Door Jorik van Engeland
Mijn eerste maanden als aio gingen gepaard met veel tegenstrijdig advies. Doe maar rustig aan, je zit pas in je eerste jaar. Als je iets wilt, moet je er voor gaan! Is het niet te vroeg om al over publiceren na te denken? Een publicatie laat altijd op zich wachten, je kan niet vroeg genoeg beginnen. Je thesis schrijf je bijna helemaal in je laatste jaar. Je kan het beste elk jaar minstens één hoofdstuk afmaken. Hartelijk dank daarvoor.
Blik op de toekomst
Na drie maanden werd het tijd dat ik mij een weg baande door dit advies. Als AiO is het de bedoeling dat je je planning maakt voor de volledige vier jaar, tot in de details. Dus, wat staat er vast? Er moet een boek komen, het liefst binnen vier jaar. En dan wil ik niet zomaar een boek, ik wil dat het een uitstekend boek wordt en ik wil graag presenteren op prestigieuze conferenties en artikelen publiceren in de beste tijdschriften. Mijn eerste publicatie had ik al liever gisteren dan vandaag. Blik op de toekomst dus. Tijdens het maken van mijn planning kwam ik erachter dat die vier jaar zo vol zitten. In mijn eerste jaar lees ik veel, werk ik aan mijn eerste casestudy, creëer ik samen met mijn team een corpus, ga ik naar conferenties en houd ik hopelijk mijn eerste praatje over mijn onderzoek. In jaar 2 schrijf ik de resultaten van het eerste onderzoeksonderwerp op, zowel in het tweede hoofdstuk van mijn dissertatie, als in een te publiceren artikel, presenteer ik mijn resultaten op een prestigieus congres en begin ik aan mijn volgende casestudy. In jaar 3 doe ik ongeveer hetzelfde, alleen dan over een ander onderwerp, in een ander tijdschrift, op een ander congres en verblijf ik drie maanden aan een buitenlandse universiteit. In jaar 4 weer een ander tijdschrift en congres, en natuurlijk het afronden van mijn proefschrift. Ik ben in die vier jaar ook medeorganisator van twee workshops over ons project, ik doceer verschillende cursussen en ik ga naar verschillende conferenties. Tussendoor maak ik ruimte voor vakantie.
Wie ben ik nu eigenlijk als onderzoeker?
Nu, met mijn planning voor mijn neus, denk ik terug aan die tegenstrijdigheid.
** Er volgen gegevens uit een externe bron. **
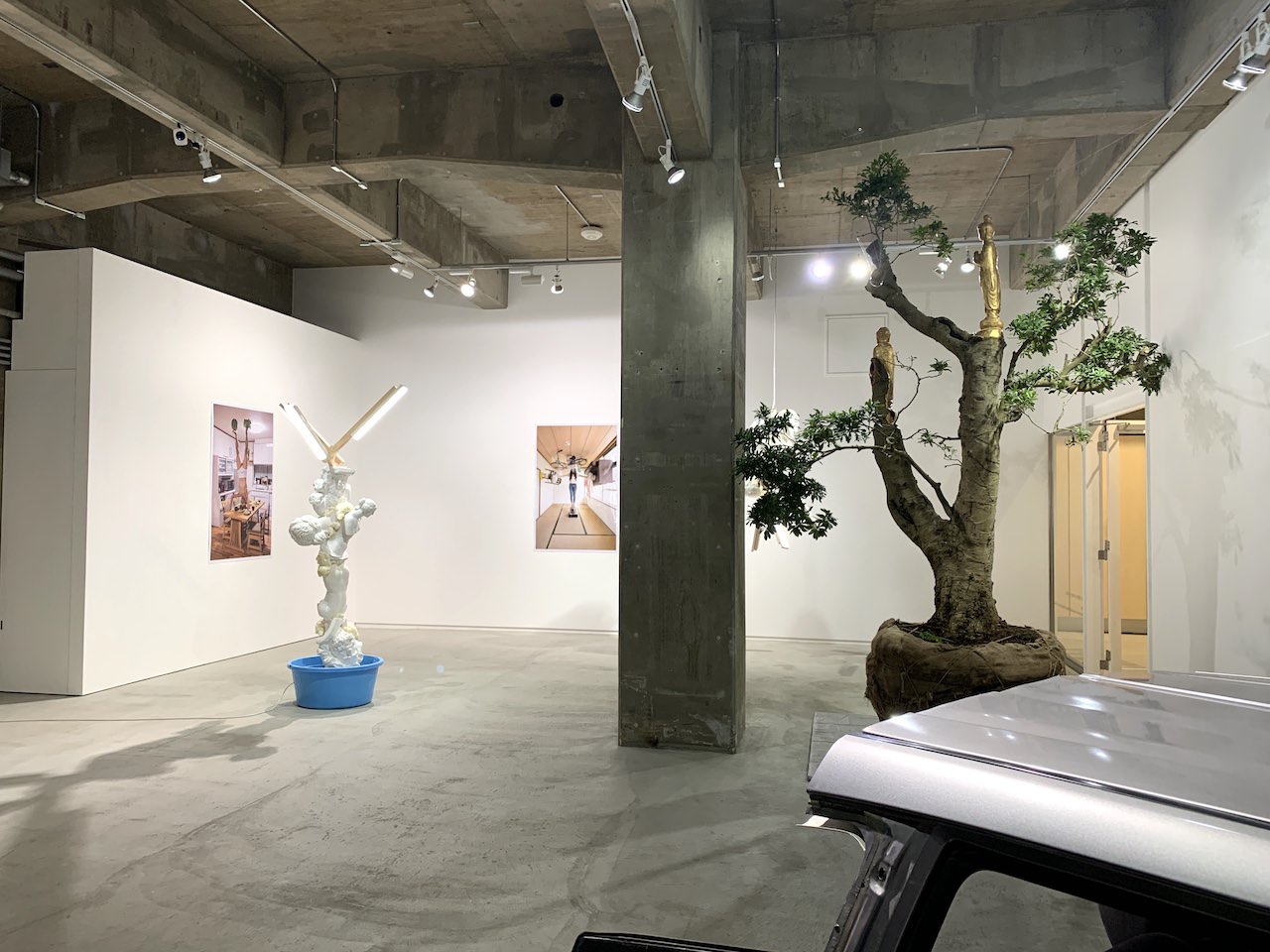 個展】西野達「やめられない習慣の本当の理由とその対処法」ANOMALY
Ik besef dat er verschillende juiste manieren zijn om het PhD-traject in te vullen. Je kan strikt plannen, maar ook relaxed je gang gaan. Iets wat voor mij niet meteen duidelijk was. Ik moet nog leren wie ik ben en wie ik wil zijn als onderzoeker, en hoe ik mijzelf kan laten samenkomen met mijn functie als AiO. Mijn ambities zijn helder, mijn doelen zijn gesteld, mijn planning gemaakt, nu nog dóén. Laat ik maar stapje voor stapje verder gaan, en dan zal vanzelf wel blijken wat voor advies ik over vier jaar geef.
Jorik van Engeland is sinds september dit jaar als taalkundige AiO betrokken bij het project Language Dynamics in the Dutch Golden Age.
En dan maakt het nog uit in welk vakgebied je zit, binnen welke stroming, of je binnen een project werkt of je eigen onderzoek doet.
Ik geef elk jaar een korte presentatie aan researchmasterstudenten, en mijn verhaal verandert elke keer. De enige rode draad is dat vier jaar je kunnen richten op je passie geweldig is.
Mijn planningen waren op zijn best handvatten: ze geven een idee van welke richting je uit kunt. Van mijn planningen is nooit veel terecht gekomen, zelfs inhoudelijk ben ik niet in mijn onderzoek waar ik dacht dat ik zou zijn. Pas nu ik in een meer afrondende fase zit en ik naar een coherent geheel moet toewerken begin ik me wat meer aan mijn planningen te houden.
Volgens mij is promoveren vooral leren omgaan met veranderende omstandigheden, en vooral proberen gebruik te maken van kansen die je krijgt.